:: About this task ::
Retype nothing except the lines below from the one with "Hard plastic base" through the one with "My Jimny parked next to my tent.", exactly, with images left out.

:: Study material ::
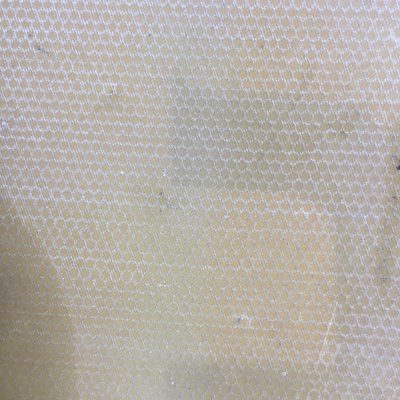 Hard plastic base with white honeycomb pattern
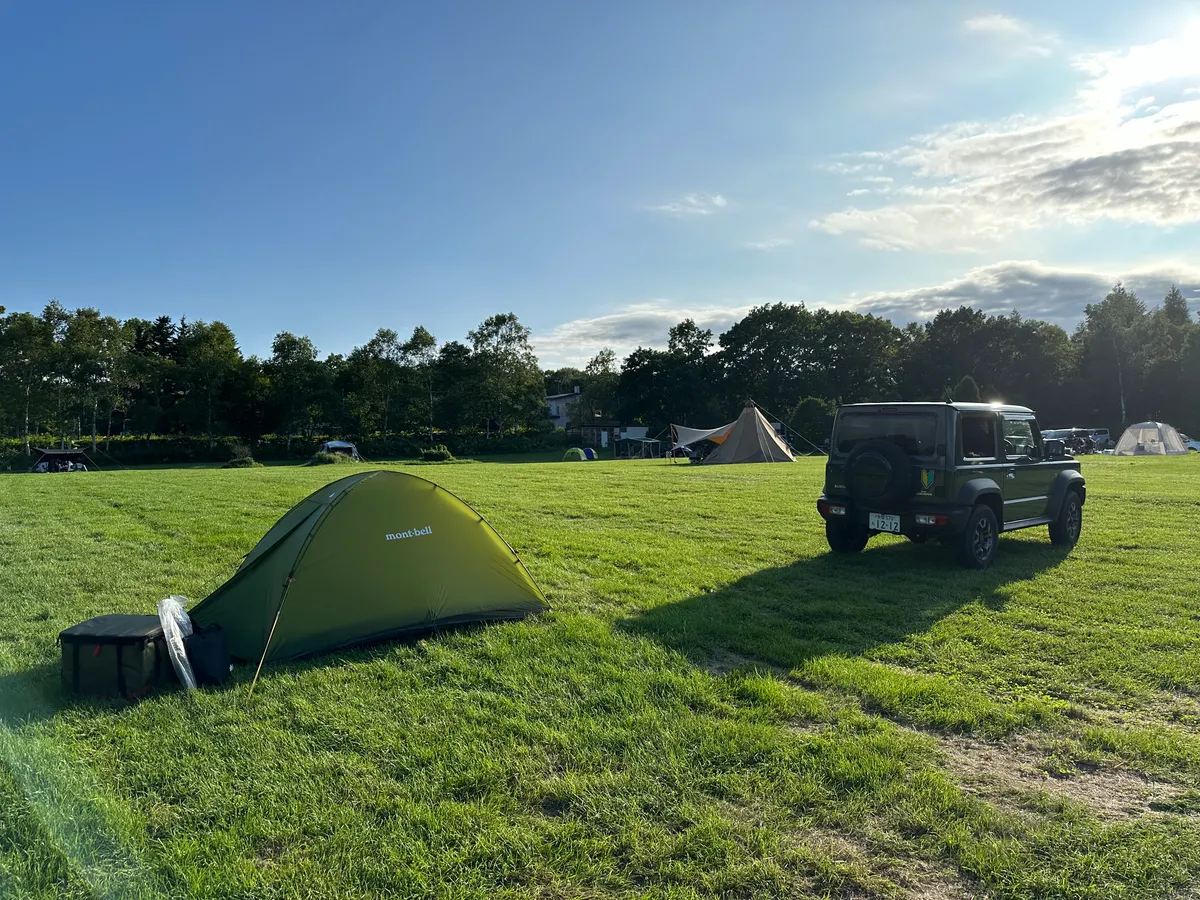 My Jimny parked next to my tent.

* * *

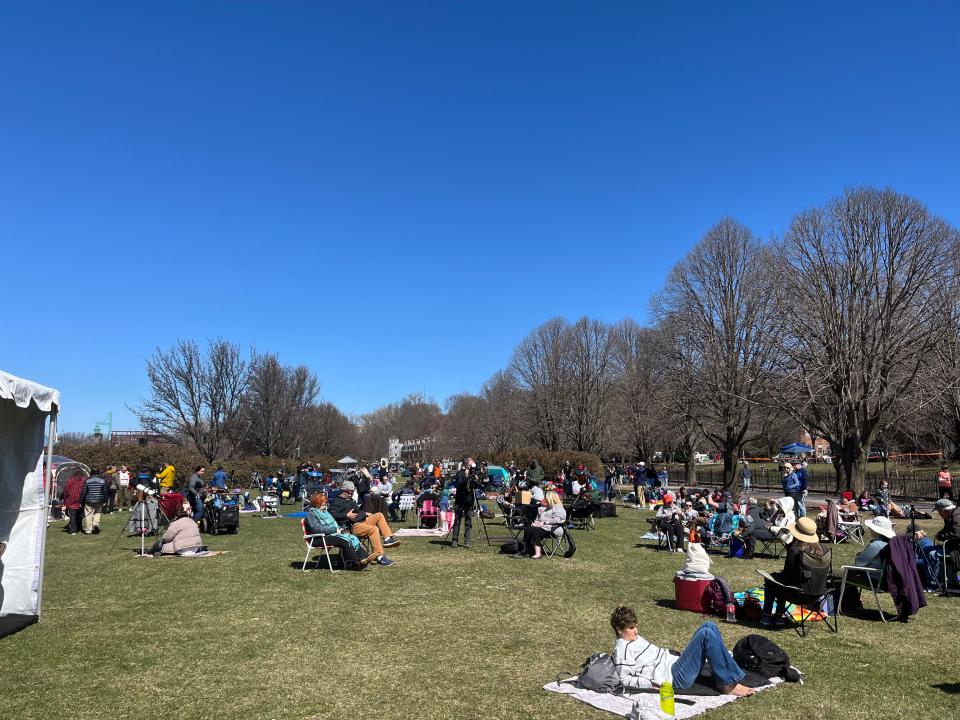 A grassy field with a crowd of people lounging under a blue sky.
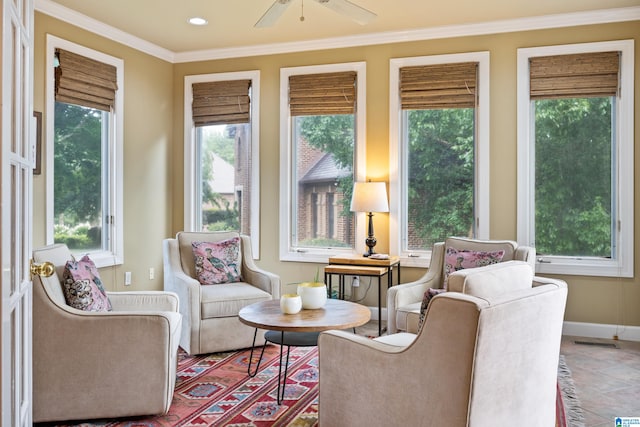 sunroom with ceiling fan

:: Solution to this problem ::
 Hard plastic base with white honeycomb pattern
 My Jimny parked next to my tent.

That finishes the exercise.